#### EXERCISE:
Exact reproduction required: the lines below from the line with "Cato pants womens" to the line with "Stradivarius AUFGERAUTES - Strickpullover - Offwhite 1", both ends included, and no others.

#### RECORDS SHOWN:
--- START ---

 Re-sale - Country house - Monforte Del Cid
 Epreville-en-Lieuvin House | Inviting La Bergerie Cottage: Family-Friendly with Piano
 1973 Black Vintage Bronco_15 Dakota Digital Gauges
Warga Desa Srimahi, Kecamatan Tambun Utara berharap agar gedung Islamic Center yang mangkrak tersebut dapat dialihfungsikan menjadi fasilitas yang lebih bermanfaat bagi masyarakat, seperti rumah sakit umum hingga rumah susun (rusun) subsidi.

--- END ---
--- START ---

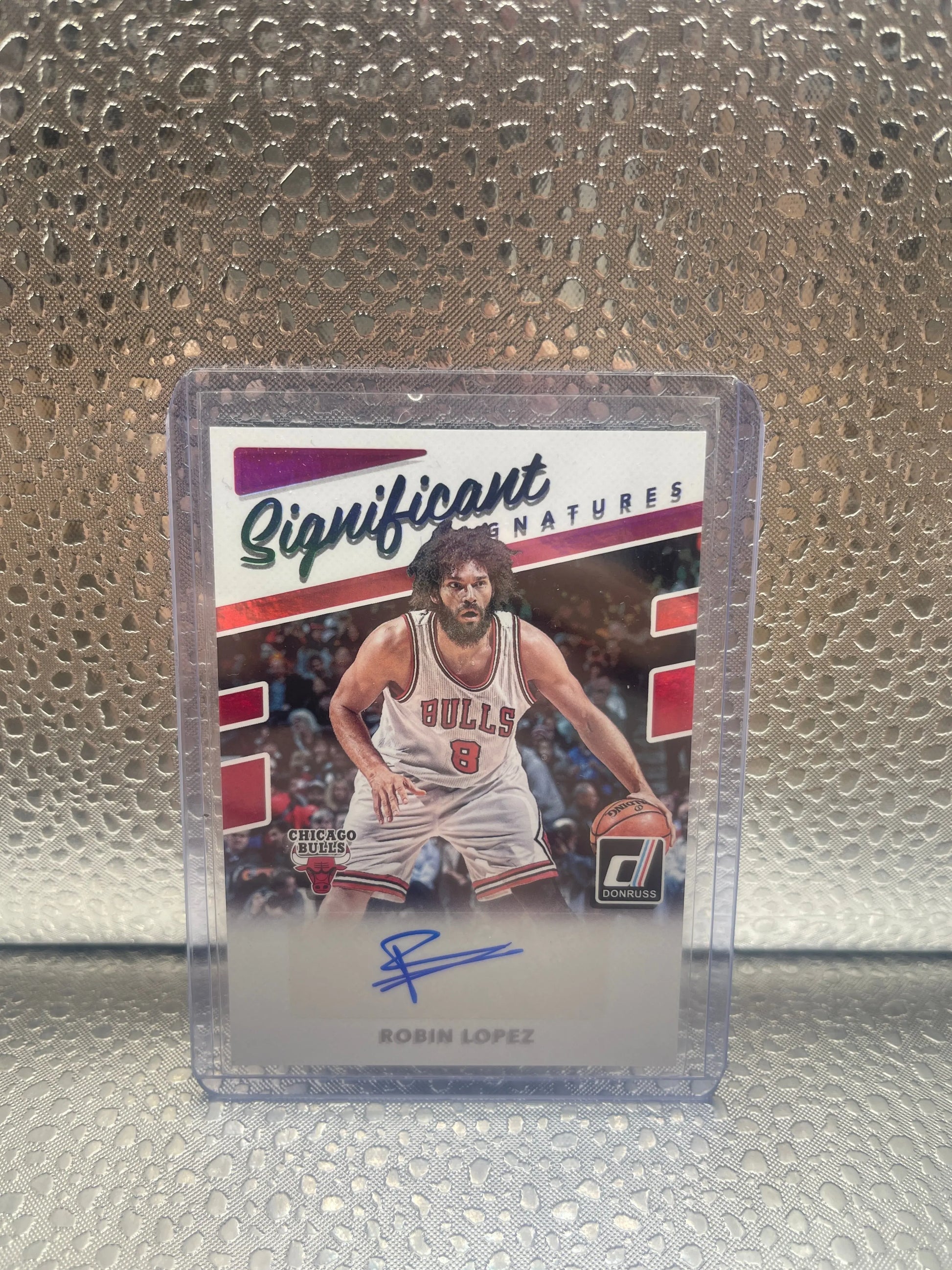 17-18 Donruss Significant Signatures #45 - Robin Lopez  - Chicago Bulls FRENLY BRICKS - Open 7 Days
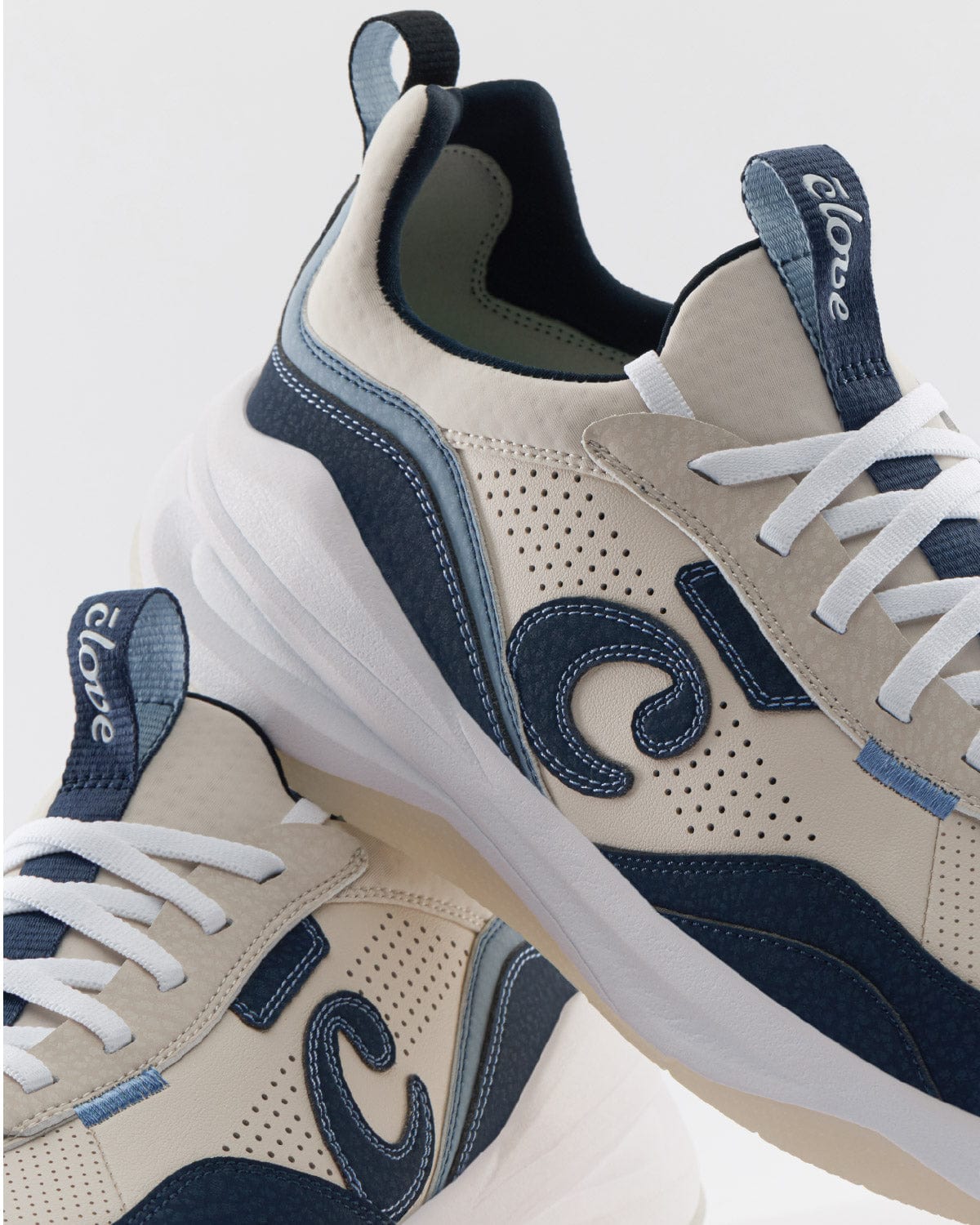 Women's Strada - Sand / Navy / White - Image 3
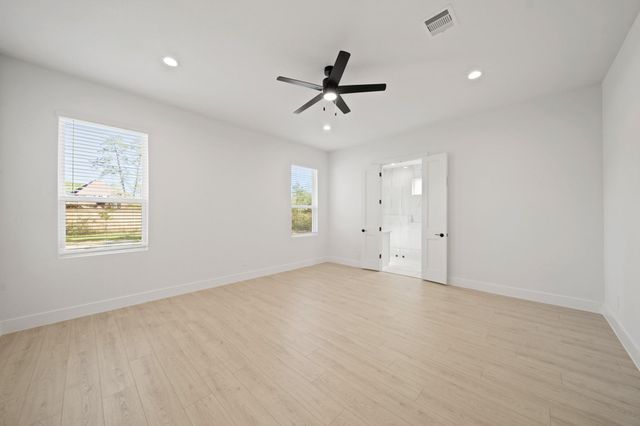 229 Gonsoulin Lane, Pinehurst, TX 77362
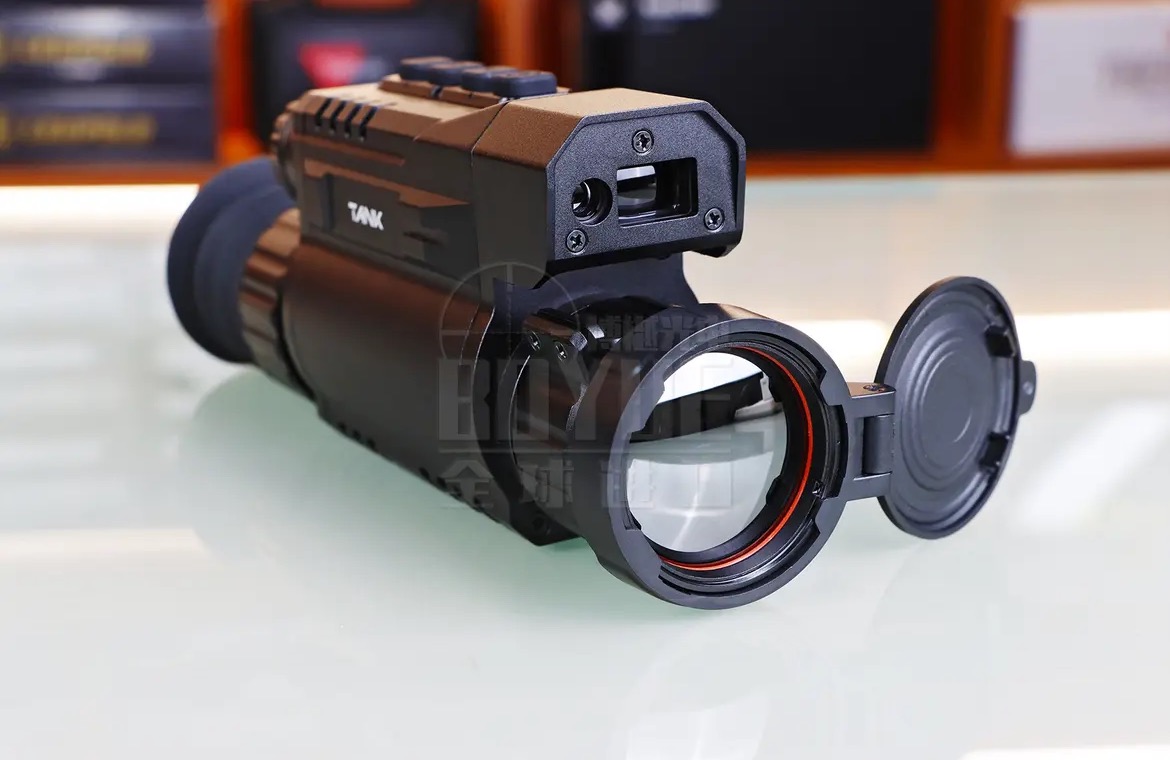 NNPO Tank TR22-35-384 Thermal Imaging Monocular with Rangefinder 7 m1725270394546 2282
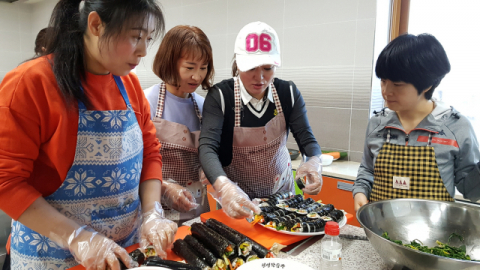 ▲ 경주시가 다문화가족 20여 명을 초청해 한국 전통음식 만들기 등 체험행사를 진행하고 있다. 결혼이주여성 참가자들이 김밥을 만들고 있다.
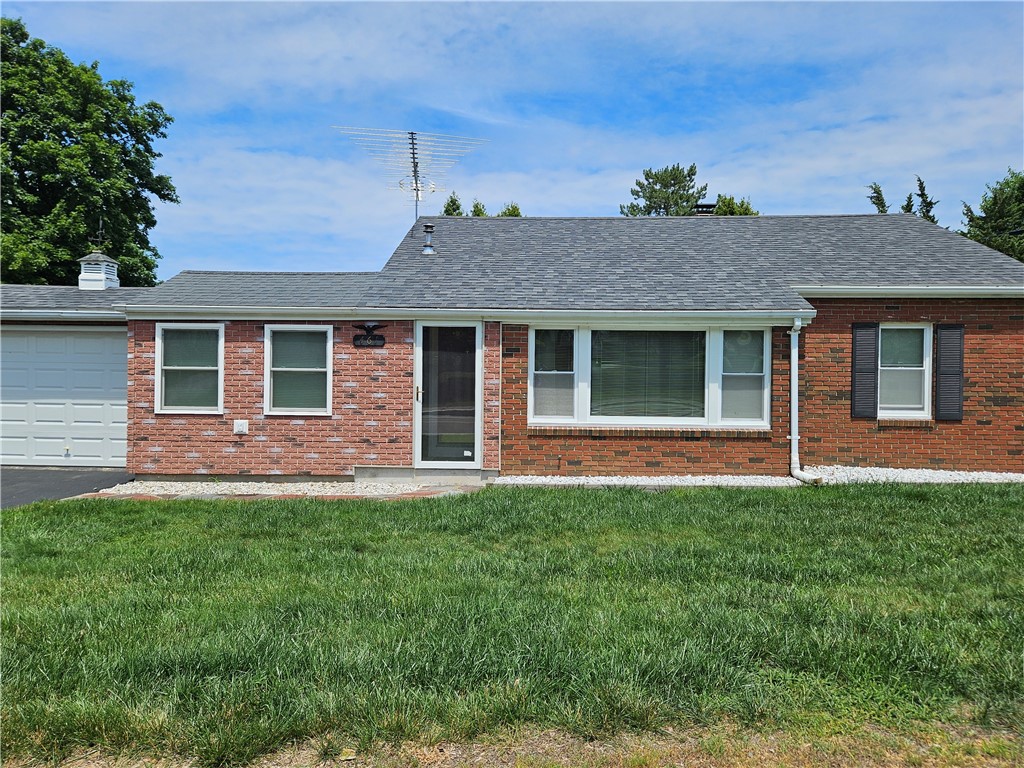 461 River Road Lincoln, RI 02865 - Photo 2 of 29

--- END ---
--- START ---

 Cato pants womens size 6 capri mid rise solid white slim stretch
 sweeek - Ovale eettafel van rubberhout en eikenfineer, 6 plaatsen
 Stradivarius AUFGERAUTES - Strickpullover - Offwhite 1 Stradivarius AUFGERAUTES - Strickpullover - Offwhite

--- END ---

#### RESPONSE AREA:
 Cato pants womens size 6 capri mid rise solid white slim stretch
 sweeek - Ovale eettafel van rubberhout en eikenfineer, 6 plaatsen
 Stradivarius AUFGERAUTES - Strickpullover - Offwhite 1 Stradivarius AUFGERAUTES - Strickpullover - Offwhite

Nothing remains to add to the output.